Monday, November 30, 2009


It has been debated for along time. Which is the prefered strategy for diabetics who require revascularisation, PCI or CABG ? Eversince the advent of balloon angioplasty, all the clinical trial data ( right from BARI, in the beginning ) have always favoured CABG. But the reality is that most diabetics prefer a lesser invasive strategy like angioplasty. So clinical trials keep getting done, as the gold post keeps changing ( in the beginning, we only had balloons, and then bare-metal stents, and now drug-eluting stents ).

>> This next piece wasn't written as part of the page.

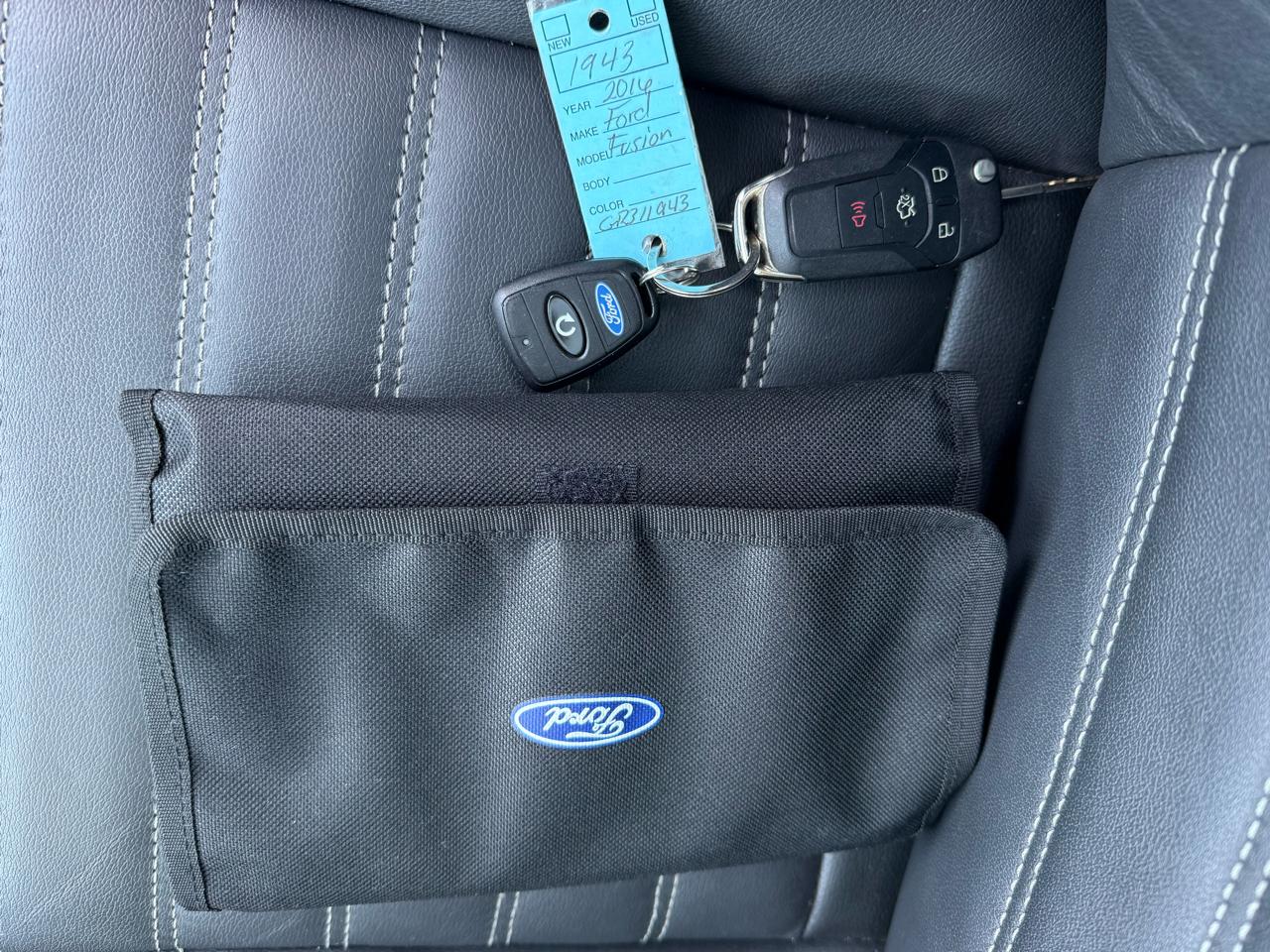 Ford Fusion Hybrid SE 2016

The November 25th online edition of the Journal of the American College of Cardiology published the results of the CARDIA ( Coronary Artery Revascularisation in Diabetes ) study. The results of this study ( from continental Europe ) was initially presented at the European Congress of Cardiology in Munich in 2008. I suppose it took along time to come out because it is from this side of the pond and also because, although they planned to enrolled 600 patients into the study, they finally only managed 510. As this was a non-inferiority study, it may affect the statistics a little. Nontheless, the final conclusion by the authors led by Dr Anil Kapur of UK was that in diabetics with 3VD-CAD, PCI ( even with drug-eluting stents ) was inferior to CABG. The results somewhat mirror that of the SYNTAX trial. The clinical events at 1 year were basically the same on both arms apart from the need for repeat revascularisation, which wer clearly more often in the PCI arm. The CABG arm suffered from a higher incidence of strokes. We have heard all these findings before. They are amazingly consistent.
If you are diabetic and you require revascularisation, you should go for CABG, but you would run the risk of a stroke. If you should choose PCI, know that you may need more then one procedure within a year ( DES or not ).
I have always wondered how the results will pen out, if we sebset the patients into their severity and mode of treatment. There are diabetics and there are diabetics. Those on Insulin as opposed to those on medical therapy? Those with renal dysfunction as opposed to those without renal dysfunction. Also, as the goal post changes, does the second generation DES make a difference? Will thin strut cobalt-chromium be bettered? Will polymerless be better?
I suppose no clinical trial can answer all the questions, as disease understanding changes and as treatment modality changes. Maybe that is why there is still a need for clinicians and clinical judgements. But sometimes insurance and third party payers who follow guidelines cannot understand this.